# Massage Therapy



## Lisa (Jan 2, 2006)

I have had some chronic pain in my left rib area for well over a year now, maybe even longer.  Old injury that I probably never let heal properly.  It is aggrevated when I grapple and darn near makes me jump out of my skin when someone side mounts me and applies pressure on my ribs.  I have been going to the chiropractor, gave it time to heal etc. and nothing seemed to help.

I started some massage therapy at the recommendation of my doctor.  He said he could feel my anterior and posterior serratus muscle was tense and upon palpation was very tender.
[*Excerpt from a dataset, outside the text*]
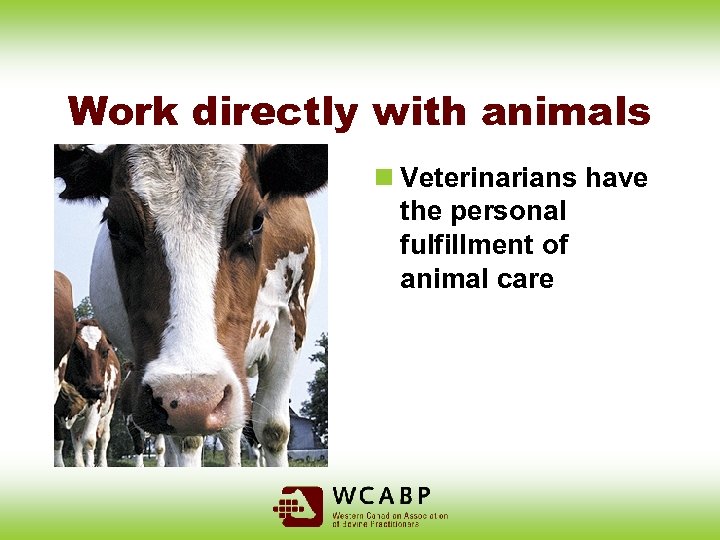 Work directly with animals n Veterinarians have the personal fulfillment of animal care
I have had three treatments and I must say, I haven't felt this good in a long while.  The pain has subsided substantially and I am no longer waking up in pain in the morning. 

Anyone else have good or bad experiences with massage therapy?  How often do you go?  Do you use it for injury only or as part of your overall healthy routine.  I am thinking of making it a part of my routine, maybe once a month or so to get the knots out.


----------



## green meanie (Jan 2, 2006)

I had a situation that was almost identical to yours, the only difference is the injury was in my neck. I went to a chiropractor I knew and trusted and she tried to work the problem out a couple of times without success. A friend suggested I give massage therapy a try. I was a bit skeptical but at that point I was getting pretty desperate so I went. The results were amazing. One 45 minute session did the trick. I went back two weeks later for a 30 minute follow-up and haven't had any problems since. Healing hands, I swear. I'm such a big believer of it now that I hang an advertisement for the place in my school so if any of my students get twisted up wrong they'll know just where to go. It's good stuff, no doubt about it.


----------



## Ping898 (Jan 2, 2006)

Lisa - What you probably had was some scar tissue there which is just the chiro didn't help.  My mom has a similar problem with her shoulder and goes to a chiro that does adjustments and does massage therapy it does great things for her.....


----------



## Shirt Ripper (Jan 2, 2006)

Just out of curiousity, what was the initial injury?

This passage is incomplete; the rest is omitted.